* AIM OF THE EXERCISE: Could you write out every record below exactly, leaving the pictures out?

(Collected data entries)
'''

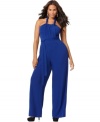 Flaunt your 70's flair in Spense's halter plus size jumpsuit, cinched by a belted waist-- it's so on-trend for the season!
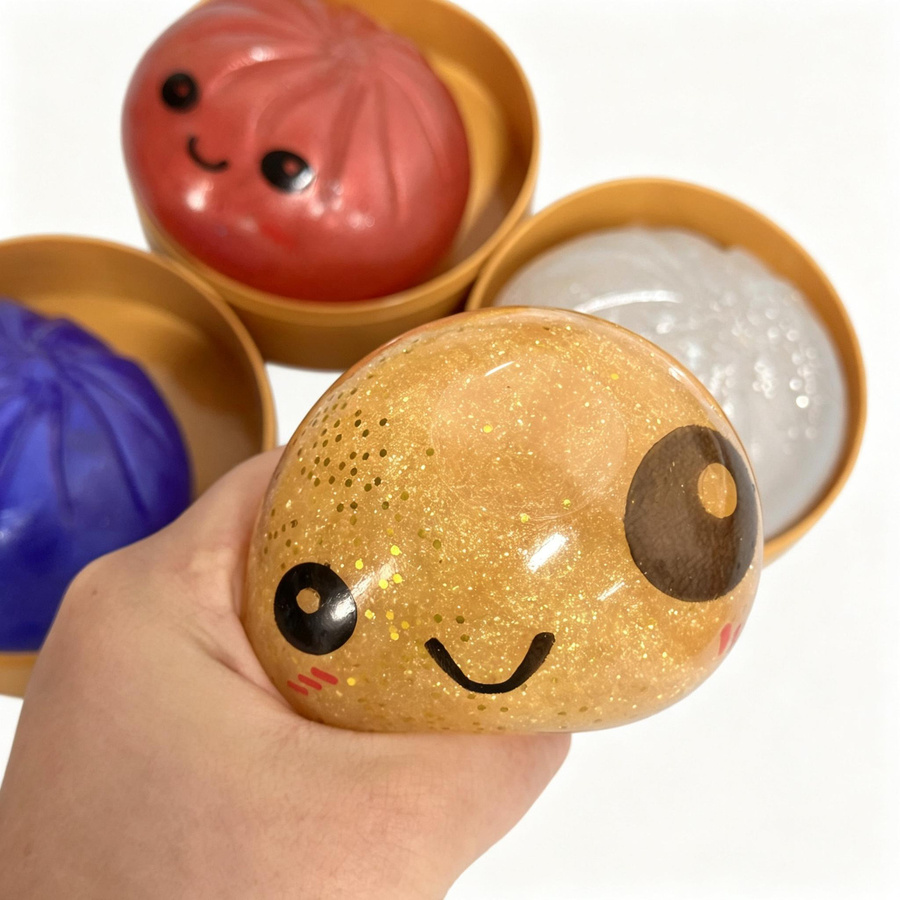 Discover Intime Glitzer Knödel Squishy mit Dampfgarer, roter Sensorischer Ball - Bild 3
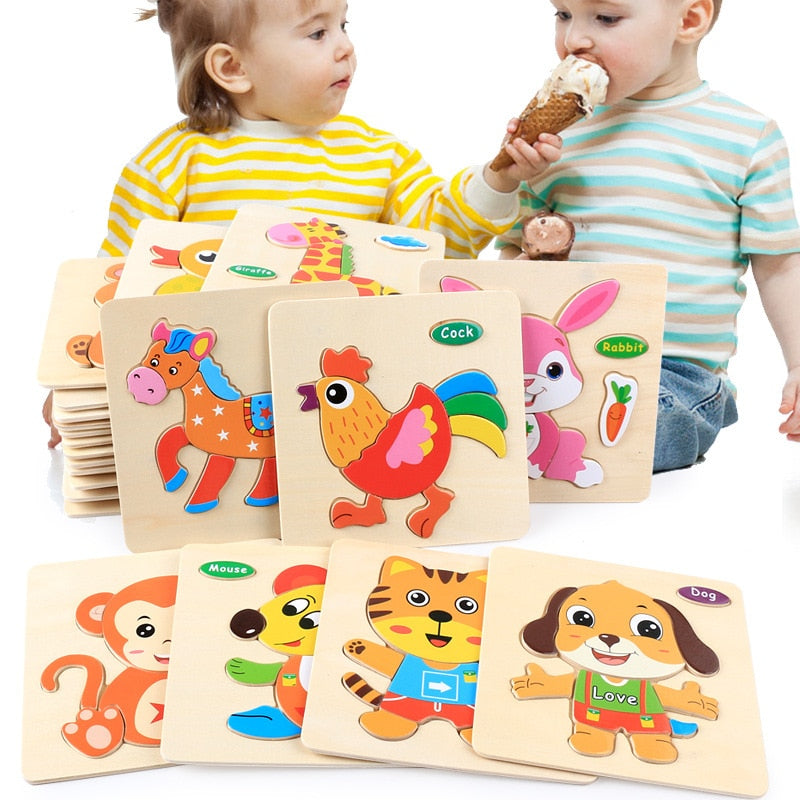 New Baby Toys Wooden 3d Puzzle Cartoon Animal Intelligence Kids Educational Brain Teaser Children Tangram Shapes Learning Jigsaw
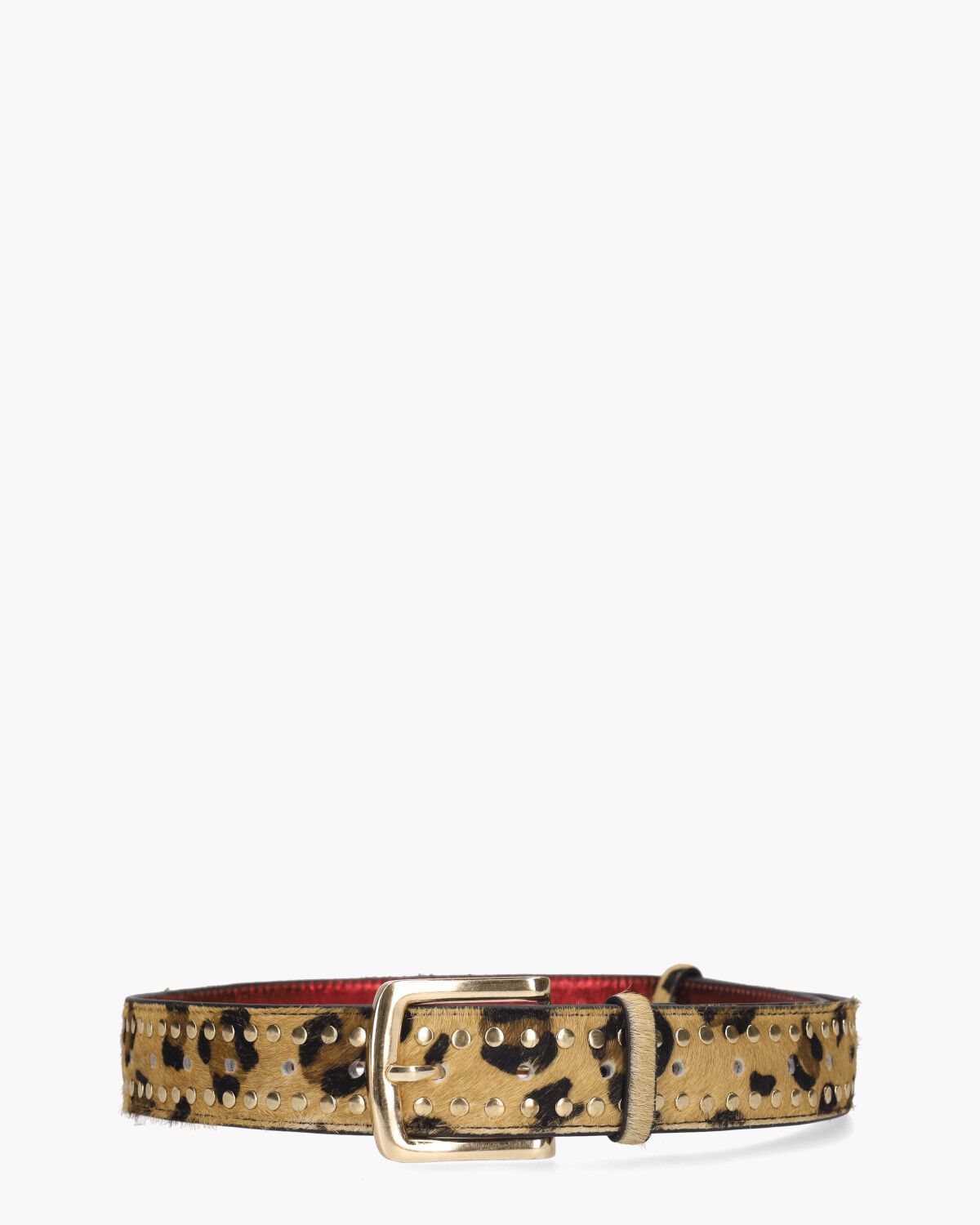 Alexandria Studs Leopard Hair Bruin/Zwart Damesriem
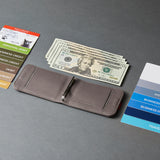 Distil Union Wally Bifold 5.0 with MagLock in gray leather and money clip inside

'''

* TASK RESPONSE:
 Flaunt your 70's flair in Spense's halter plus size jumpsuit, cinched by a belted waist-- it's so on-trend for the season!
 Discover Intime Glitzer Knödel Squishy mit Dampfgarer, roter Sensorischer Ball - Bild 3
 New Baby Toys Wooden 3d Puzzle Cartoon Animal Intelligence Kids Educational Brain Teaser Children Tangram Shapes Learning Jigsaw
 Alexandria Studs Leopard Hair Bruin/Zwart Damesriem
 Distil Union Wally Bifold 5.0 with MagLock in gray leather and money clip inside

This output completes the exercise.